AI Engineer / Analyst (Temporary 12 months)
Job Info
Job Identification 427
Job Category INFORMATION TECHNOLOGY
Posting Date 12/08/2025, 10:22 AM
Job Schedule Full time
Contract Type Temporary
Job Description
Mission
We are seeking a Document Analyst / AI Engineer to operate, enhance, and industrialize our document classification pipeline across enterprise content systems (Documentum, SharePoint, Confluence) with AI and financial domain background and education. The role blends hands‑on ML engineering, infrastructure‑as‑code (Ansible), model management via Nvidia NIM, and observability (Grafana), ensuring accurate classification, robust operations at scale (100k+ financial documents), and continuous evaluation and improvement.
This position will maintain and extend the current production pipeline that uses an unsupervised approach with multi‑class detection, optional summarization, and rigorous evaluation. You also will study and research the migration from unsupervised to supervised approaches, with the creation of the training dataset, training models on our documents, model versioning, and continuous evaluation (precision/recall/F1), as well as compare various machine learning approaches.
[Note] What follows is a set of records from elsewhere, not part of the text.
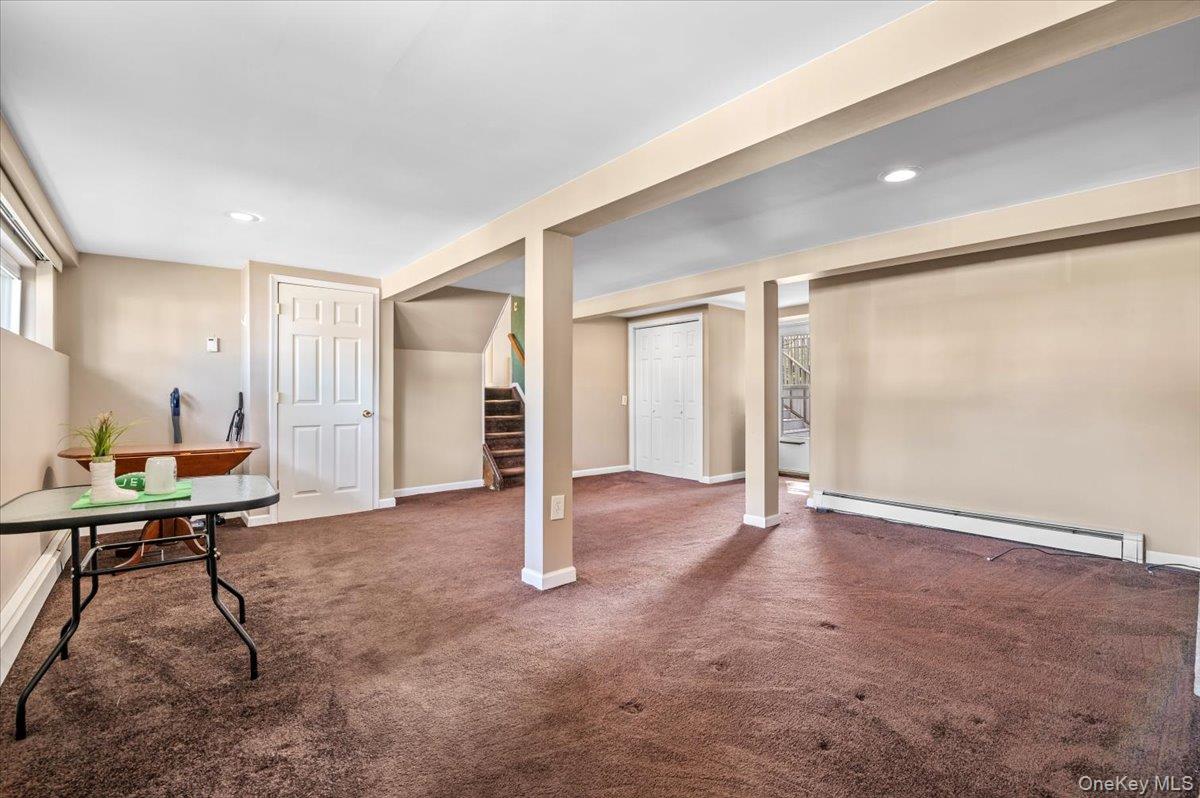 #19 photo, 15 Alma Lane, Plainview , NY 11803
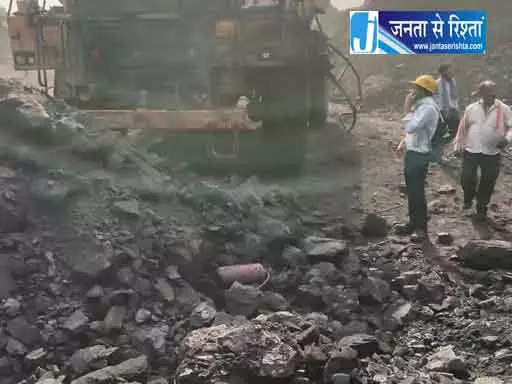 कोरबा कोल खदान में हादसा, डंपर पलटने से ऑपरेटर घायल कोरबा कोल खदान में हादसा, डंपर पलटने से ऑपरेटर घायल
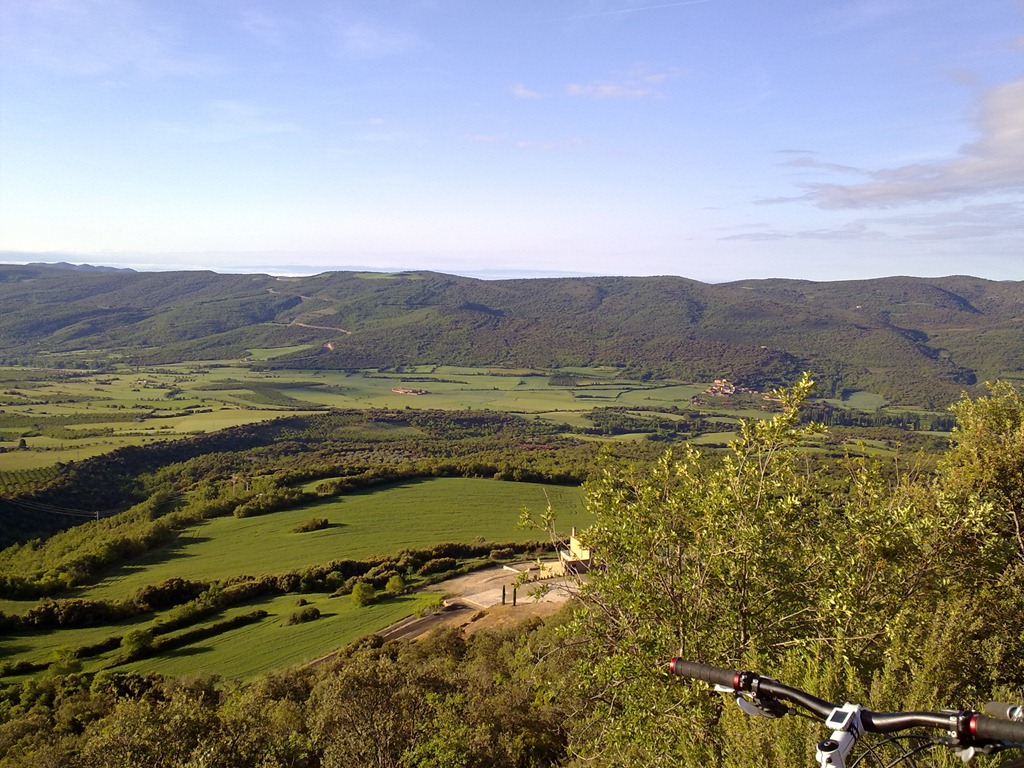 [080520110645.jpg]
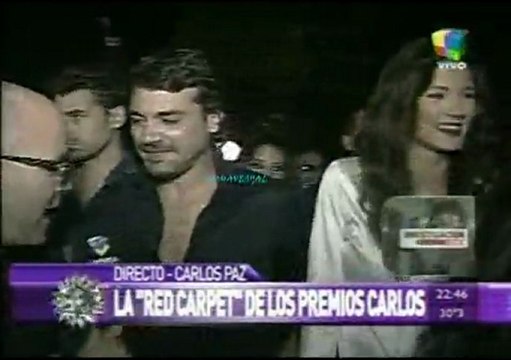 Pedro y Paula en Intratables (look en premios Carlos) - 28 de Enero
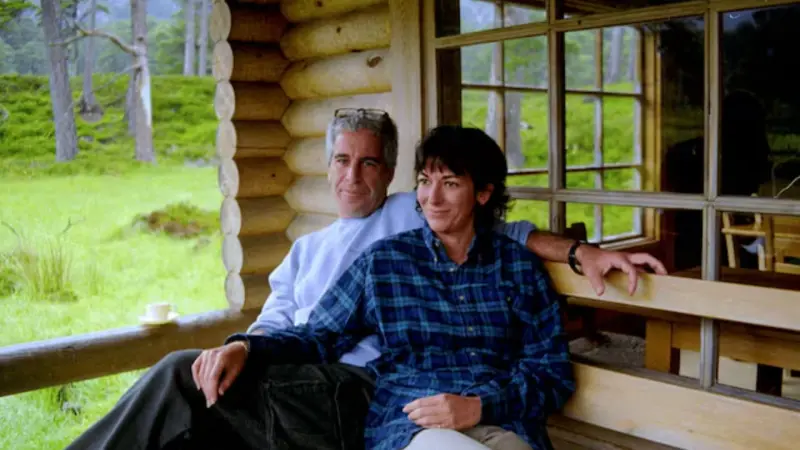 Ghislaine Maxwell alegó que nuevos documentos de Epstein vulneraron su debido proceso y pidió anular su condena de 20 años; fiscales de Estados Unidos rechazaron sus argumentos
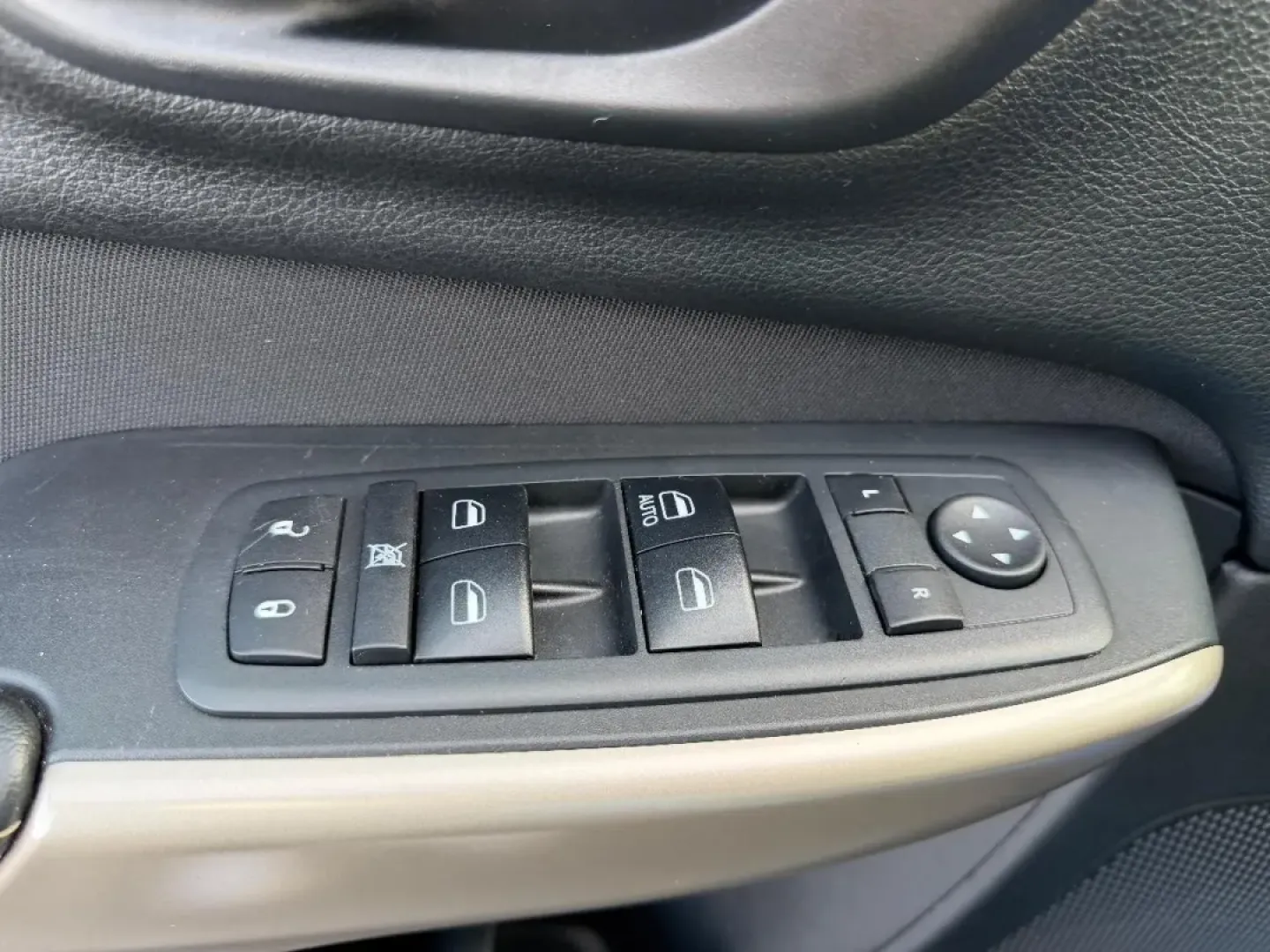 2018 /Black Cloth Jeep Cherokee Latitude (1C4PJMCB6JD) with an 2.4L engine, Automatic transmission, located at 970 Woodlawn Dr., Farmington, MO, 63640, (573) 431-7800, 37.825642, -90.468674 - Experience adventure without the sacrifice of comfort in this rugged yet refined 2018 Jeep Cherokee, now available at Pettus CDJR Farmington. Located in the heart of Farmington, MO, at 970 Woodlawn Drive, we pride ourselves on offering quality used vehicles that cater to a variety of lifestyles. Whe - Photo#17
You will collaborate with ECM/IT stakeholders to integrate and automate flows, secure data, and deliver measurable improvements to precision/recall, throughput, and reliability.
Main responsibilities
Pipeline Operations and Enhancement
Operate and improve the document classification large‑scale pipeline
Implement and refine multi‑class detection by analyzing sample sequences of PDF pages;
Maintain and generate document summaries via VLM tuning.
Ensure robust long‑run executions on large‑scale corpora including batching, parallelization, and retry/restart.
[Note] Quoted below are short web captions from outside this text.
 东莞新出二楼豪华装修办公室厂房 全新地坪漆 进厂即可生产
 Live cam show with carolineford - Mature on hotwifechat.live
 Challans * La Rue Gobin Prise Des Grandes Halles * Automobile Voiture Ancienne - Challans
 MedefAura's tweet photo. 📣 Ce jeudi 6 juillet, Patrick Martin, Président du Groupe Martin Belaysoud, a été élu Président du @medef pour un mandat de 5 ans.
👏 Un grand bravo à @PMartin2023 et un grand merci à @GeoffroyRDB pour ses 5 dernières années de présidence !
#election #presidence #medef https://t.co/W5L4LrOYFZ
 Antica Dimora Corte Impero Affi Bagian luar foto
Store and efficiently load and update logs and outputs in a secure PySQL database, ensuring availability and consistency.
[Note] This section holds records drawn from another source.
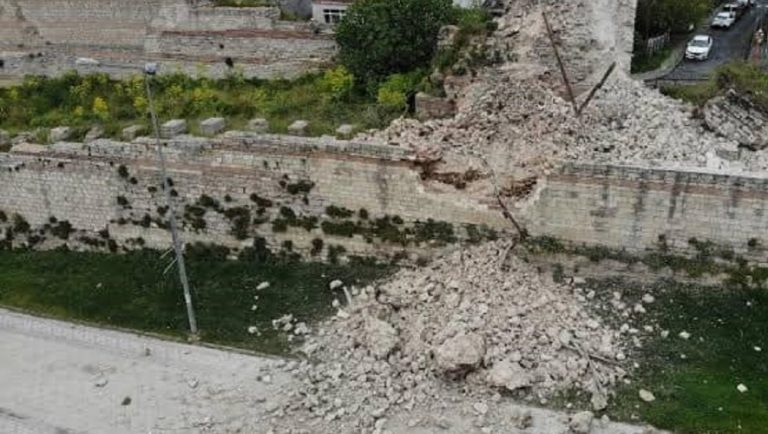 Κωνσταντινούπολη: Κατέρρευσε πύργος 1.500 ετών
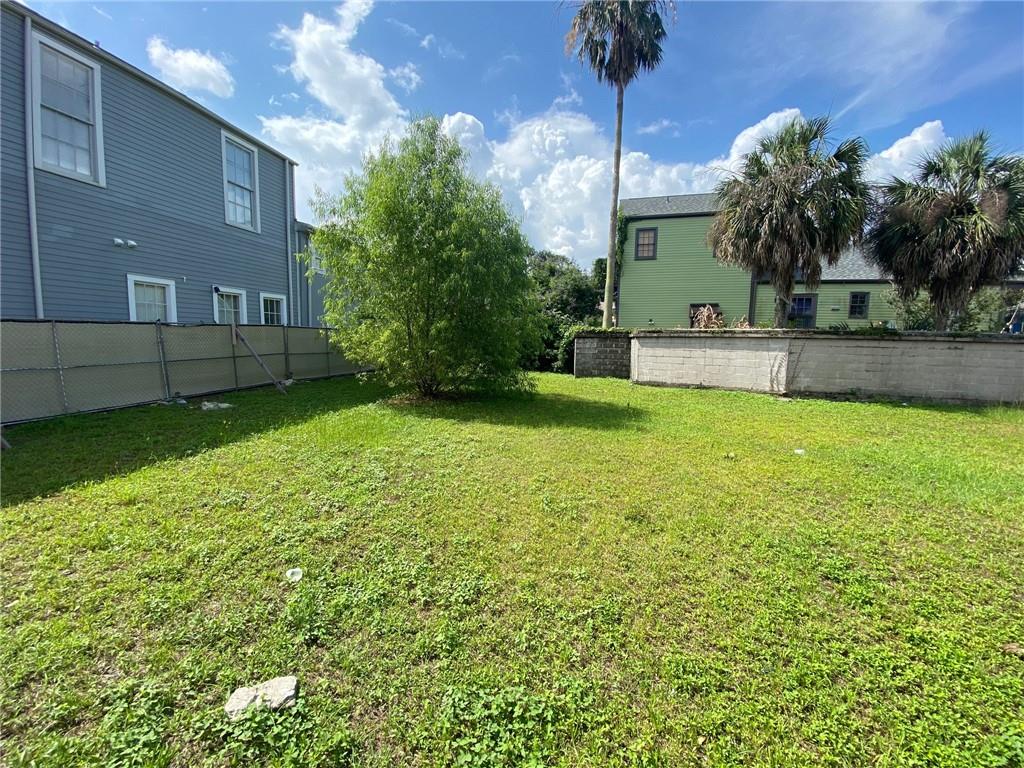 2100 BURGUNDY Street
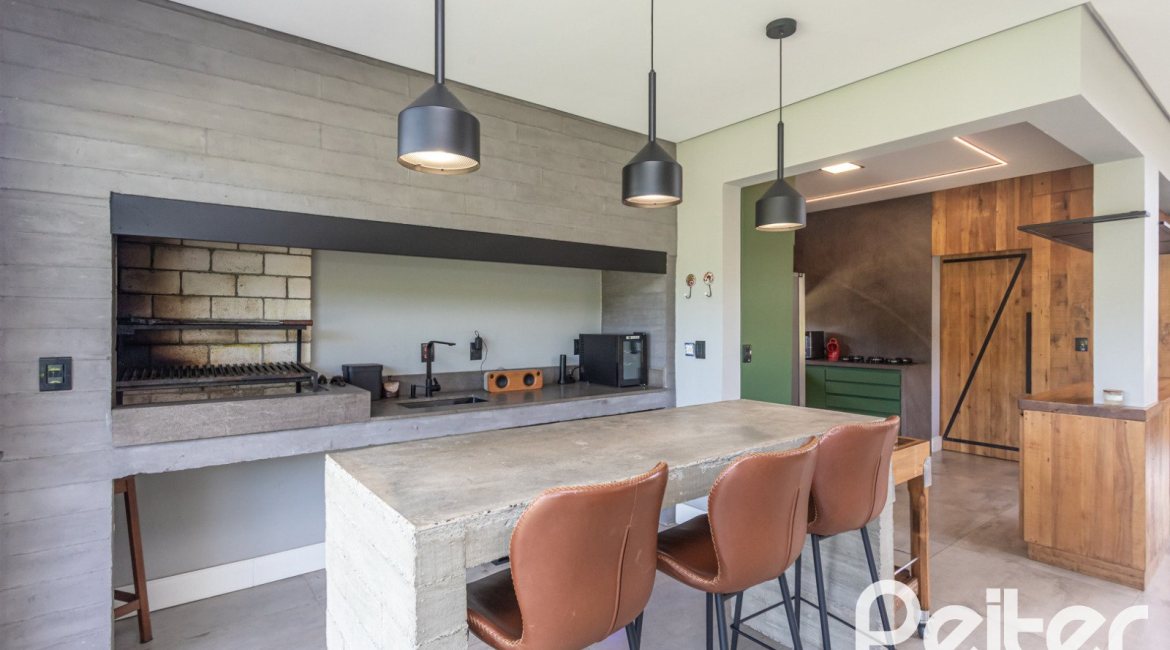 Casa em Condomínio à venda com 300m², 3 dormitórios, 3 suítes, 4 vagas, no bairro Alphaville em PORTO ALEGRE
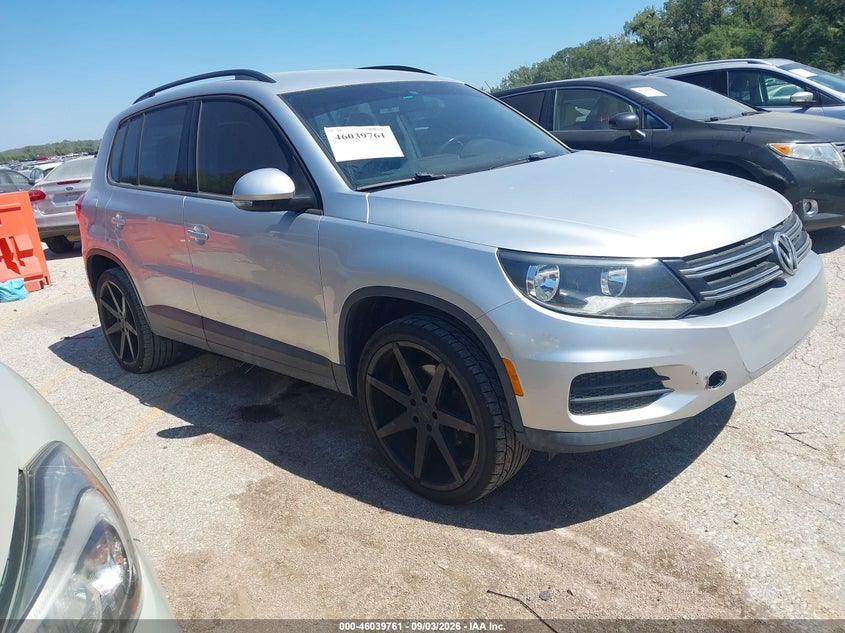 2017 VOLKSWAGEN TIGUAN 2.0T/2.0T S | WVGAV7AX3HK038943 | UPCARS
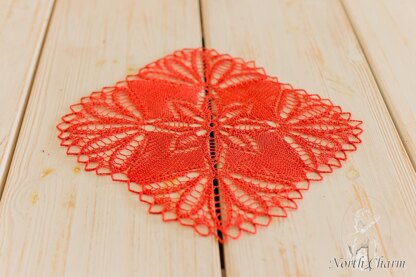 Knitted lace table topper "Cherry"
Configuration Management and Versioning
Maintain container‑mounted JSON configuration (system, category descriptions, filename mappings).
Version and A/B test category definitions and prompts; manage rollbacks and change logs.
Enforce structured outputs (JSON schema) and guided choices for consistent predictions.
Deployment and Integration
Automate deployments and updates using Ansible (idempotent playbooks, inventories, secrets handling).
Integrate with ECM systems: Documentum (ID mapping, retrieval/update), and expand to SharePoint/Confluence ingestion and publication.
Operate and consume models via Nvidia NIM (multimodal/classification endpoints), ensuring performance and availability.
Observability, Reliability, and Compliance
Build and maintain Grafana dashboards and alerts (latency, throughput, errors, success rates, SLOs).
Implement comprehensive logging and experiment tracking.
Apply security‑by‑design and data protection best practices for potentially sensitive documents.
Evaluation and Continuous Improvement
Run evaluator modes (predict, eval, all) and produce metrics: accuracy, precision, recall, F1, confusion matrix, statistical confidence intervals.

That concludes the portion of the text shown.